If people do, its already too late to run, they're well within range of the confuse ray cone, and this thing will spam KDs at ABs that people will not be geared to dodge. Most people will assume its a normal boss designed for level appropriate parties. Not something for mid-epics. Just another factor in dooming lower level parties.
- Expecting people to use traps is, frankly, wishful thinking, because Arelith disincentivizes the use of traps through monsters having heavy saves and trap-kills not granting exp. Until this is fixed, people are largely not going to use traps outside of PvP.
- Even if people do escape, this boss is going to be sitting, warninglessly, in the middle of a lowbie dungeon, if not within three meters of a transition. Even if someone does escape, someone else is going to get cheap-shotted.

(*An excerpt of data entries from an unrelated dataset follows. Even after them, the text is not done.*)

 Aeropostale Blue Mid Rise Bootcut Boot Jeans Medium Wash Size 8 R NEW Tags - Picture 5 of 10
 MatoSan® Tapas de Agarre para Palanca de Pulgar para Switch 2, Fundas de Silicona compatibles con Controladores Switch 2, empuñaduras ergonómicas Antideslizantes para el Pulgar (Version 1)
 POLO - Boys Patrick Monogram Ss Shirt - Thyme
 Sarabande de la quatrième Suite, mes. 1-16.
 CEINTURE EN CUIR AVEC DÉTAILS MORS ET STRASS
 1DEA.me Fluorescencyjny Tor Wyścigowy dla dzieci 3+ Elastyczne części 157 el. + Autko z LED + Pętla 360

Overall, this boss needs tuning. If the plan is for people to run, it needs to be possible for that to be accomplished, ideally before one or two people in a party of three are already in the fugue. Ideally before the entire party is within the confuse ray cone. Ideally having an idea that it might be an impossible fight well before they open that door and get engaged immediately. It needs, at LEAST some environmental clues leading up to the boss door, even something as simple as:
*You see signs of a recent scuffle, as though a stinger was dragged kicking and screaming deeper into the tunnels*
Something,
anything to indicate there might be a bigger fish.
Without a warning of any kind, its not really fair to the players.

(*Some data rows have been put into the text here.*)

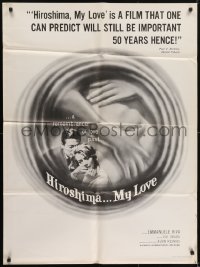 6j021 HIROSHIMA MON AMOUR 30x40 1960 Alain Resnais classic, Emmanuelle Riva, Eiji Okada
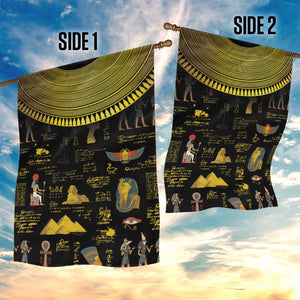 Ancient Egypt and Hieroglyphs Garden Flag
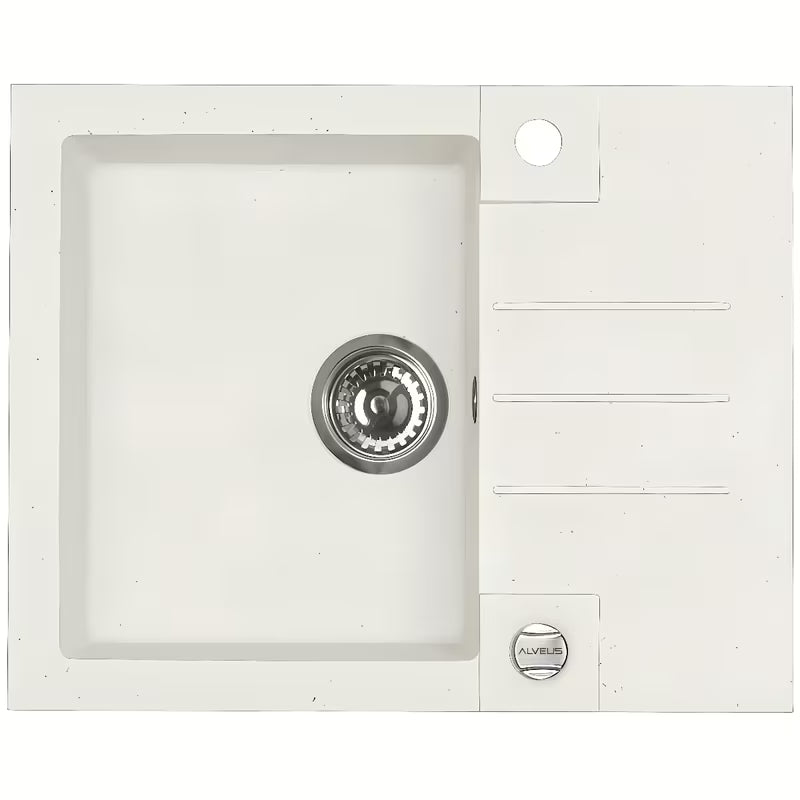 Granitni sudoper Alveus na radnu ploču 595 x 475 mm u izvedbi White 11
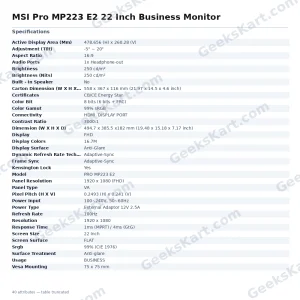 MSI Pro MP223 E2 22 Inch Business Monitor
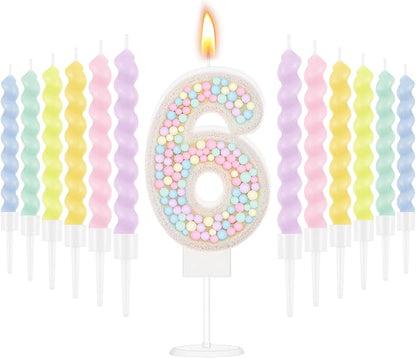 MTLEE Number 6 Birthday Candle with 12 Pcs Spiral Candles for Girls Macaron Pastel Rainbow Unicorn Pink Cake Topper for Sweet Theme Party Decoration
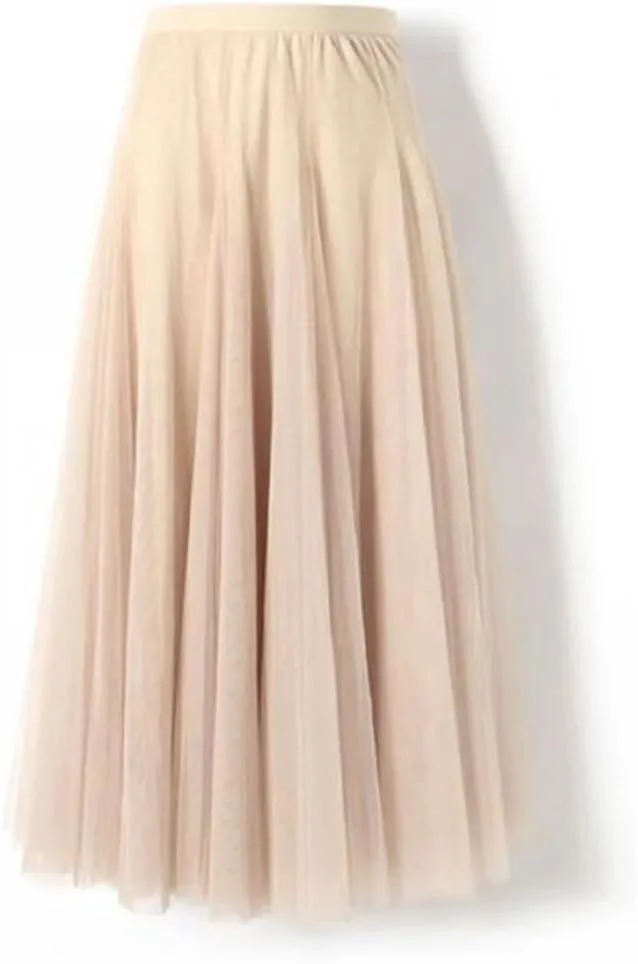 Women's Solid Polyester Stretch High Waist Dance Skirt Long Pleated Midi Skirt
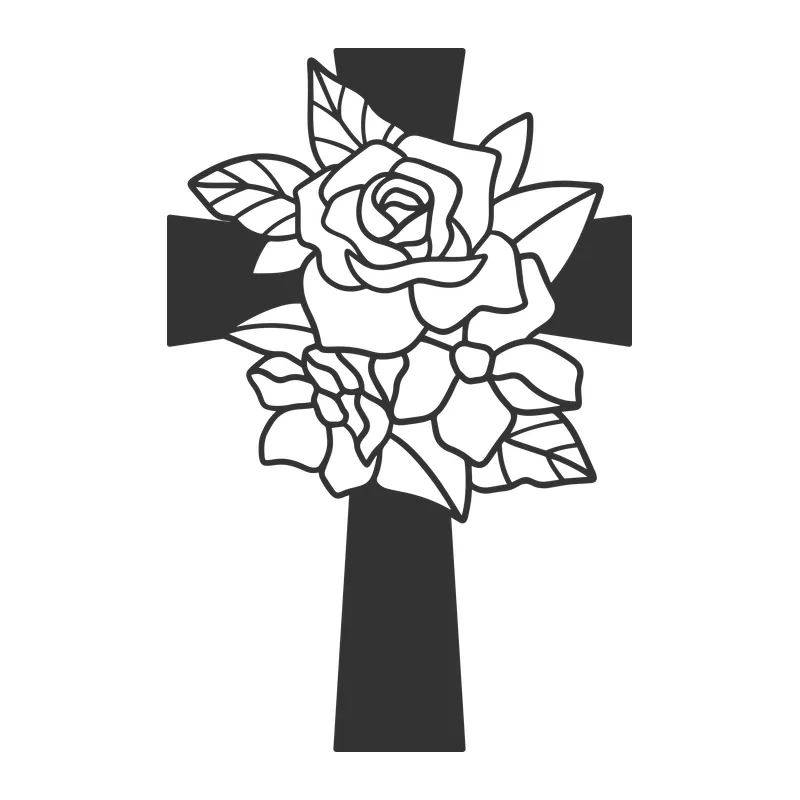 Floral Rose Cross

If you give ample warning, you could haste the boss if you wanted, and it wouldn't be a problem. Right now the encounter is very much a 'gotcha' without much, if any, way of knowing what you're getting into before you're already screwed, which is objectively not very good design and leaves a sour taste in people's mouths.
I encourage you not to take offense to the people telling you this is a problem and brushing off our criticism as people "missing the point" of your design philosophy. We want this encounter to be as thrilling as you do. We just want it to be something we can do something with besides everyone winding up in the fugue from a TPK.
Plays: Durvayas(deleted), Marco(deleted), Hounynrae(NPC), Sinithra Auvry'ndal(rolled), Rauvlin Barrith(Active), Madeline Clavelle(Shelved)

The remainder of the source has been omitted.